Short text fragments from websites
* * *

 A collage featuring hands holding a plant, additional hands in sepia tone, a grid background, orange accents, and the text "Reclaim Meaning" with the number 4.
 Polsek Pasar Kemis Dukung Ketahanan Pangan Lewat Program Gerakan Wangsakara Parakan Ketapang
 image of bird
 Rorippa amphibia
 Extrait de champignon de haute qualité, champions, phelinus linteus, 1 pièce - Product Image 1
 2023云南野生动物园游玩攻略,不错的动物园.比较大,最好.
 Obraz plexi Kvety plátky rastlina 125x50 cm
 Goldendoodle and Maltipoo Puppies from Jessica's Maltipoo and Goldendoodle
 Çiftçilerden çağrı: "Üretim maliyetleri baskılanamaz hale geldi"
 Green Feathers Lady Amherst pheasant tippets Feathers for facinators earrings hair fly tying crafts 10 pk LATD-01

* * *

| TASK BRIEF |
Reproduce the entries above in full by retyping them exactly.

| OUTPUT BELOW |
 A collage featuring hands holding a plant, additional hands in sepia tone, a grid background, orange accents, and the text "Reclaim Meaning" with the number 4.
 Polsek Pasar Kemis Dukung Ketahanan Pangan Lewat Program Gerakan Wangsakara Parakan Ketapang
 image of bird
 Rorippa amphibia
 Extrait de champignon de haute qualité, champions, phelinus linteus, 1 pièce - Product Image 1
 2023云南野生动物园游玩攻略,不错的动物园.比较大,最好.
 Obraz plexi Kvety plátky rastlina 125x50 cm
 Goldendoodle and Maltipoo Puppies from Jessica's Maltipoo and Goldendoodle
 Çiftçilerden çağrı: "Üretim maliyetleri baskılanamaz hale geldi"
 Green Feathers Lady Amherst pheasant tippets Feathers for facinators earrings hair fly tying crafts 10 pk LATD-01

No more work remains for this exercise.